I was assigned to teach a self-contained eighth grade class at Phalsbourg Air Base in France in 1962. It was a small school on a small base. It was K-8. The teachers were very young, single, eager and competent. We had a great school which was visited by Tom Drysdale. He was very impressed by our staff.
The first thing everyone did after arriving at the school was to by a new Volkswagen Beetle. The cars had to be picked up in Paris. No one wanted to drive in Paris so I spent several weekends driving from Paris to Phalsbourg with new VWs.
We all lived on the same floor of the BO. We weren’t allowed to cook, but we had many fabulous meals cooked on illegal hot plates and electric fry pans. The week before the first Thanksgiving, the teachers had a complete BOQ cooked dinner, turkey and all the trimmings. I still do not know how they did it.
We went to most of the festivals in France, Germany, Holland and Austria as a group in our new Volkswagens. One time, we got back to the base on a Monday at 8am after a weekend at the Holland tulip festival. We were at school teaching by 830 am. This was cutting it a little close. The stories of our adventures would fill a book.
I was supposed to teach all the subjects for the eighth grade. However, I was not able to teach shop, homemaking and French. I enlisted a father who was a skilled woodworker, a mother who was a magician with the stove and oven to assist me. Every Wednesday afternoon, my class walked a short distance to the housing area for shop and homemaking. The boys made some beautiful things and the girls shared some of the best baked goods any of us ever tasted.
French was another story. I asked a very beautiful young French dependent wife if she would teach French to my class. Three times a week, we would have French conversation lessons. Everyone had a great time. My class actually learned a great deal of French which they used in the Alps while skiing. With some difficulty, I got my class into a two-week free “Class of Snow” that the French government ran mainly for the poor children of Paris. We spent the two weeks in the Alps, learning additional French and my students also learned to ski!

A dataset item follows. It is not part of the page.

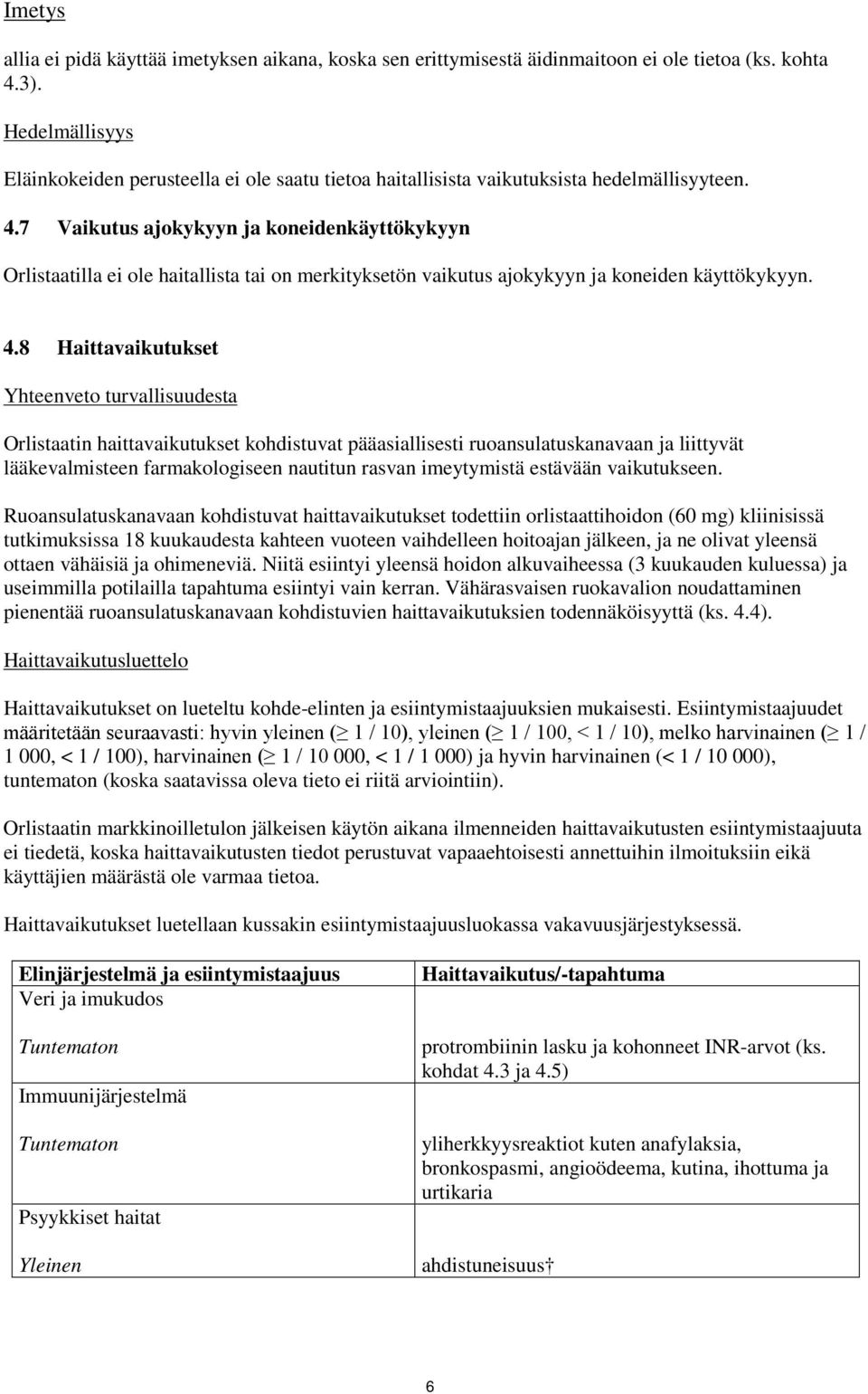 7 Vaikutus ajokykyyn ja koneidenkäyttökykyyn Orlistaatilla ei ole haitallista tai on merkityksetön vaikutus ajokykyyn ja koneiden käyttökykyyn. 4.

They also learned to “negotiate” in French as both the Americans and the French kids were tough and had issues to “work out”. However, we all departed as friends.
I was raised in the Hawaiian Islands and had never lived with four seasons. The Alsatian Mountains and Phalsbourg had perfect seasons. The students and faculty took full advantage of the heavy, long-lasting snow and some of the snowball fights were legendary (Physical Education class).
In the spring, we would hike through the fields on and off base collecting wildflowers, smells and all the wonders of the season. We visited Strasbourg, toured the canals, and waited for the cock to crow at noon high on the cathedral. Being eighth graders, the students rented rowboats in the park which resulted in them sinking one boat in a water fight. I thought we might have a lesson on French prisons. It took all the charm of our beautiful French teacher to extract us from that adventure! It pays to have beauty on your side!
We had field trips to castles, a canal boat trip (it was carrying coal, but that is another story), WWI battle fields and a concentration camp. We still had time for math, science, English and the other required subjects.
Phalsbourg was a very special time. All have moved on, and it will never happen again. Phalsbourg closed three years later and I was transferred to Chicksands, England; Lakenheath, England; Morocco and Spain. I was a teacher and an administrator. DoDDS was the adventure of a lifetime.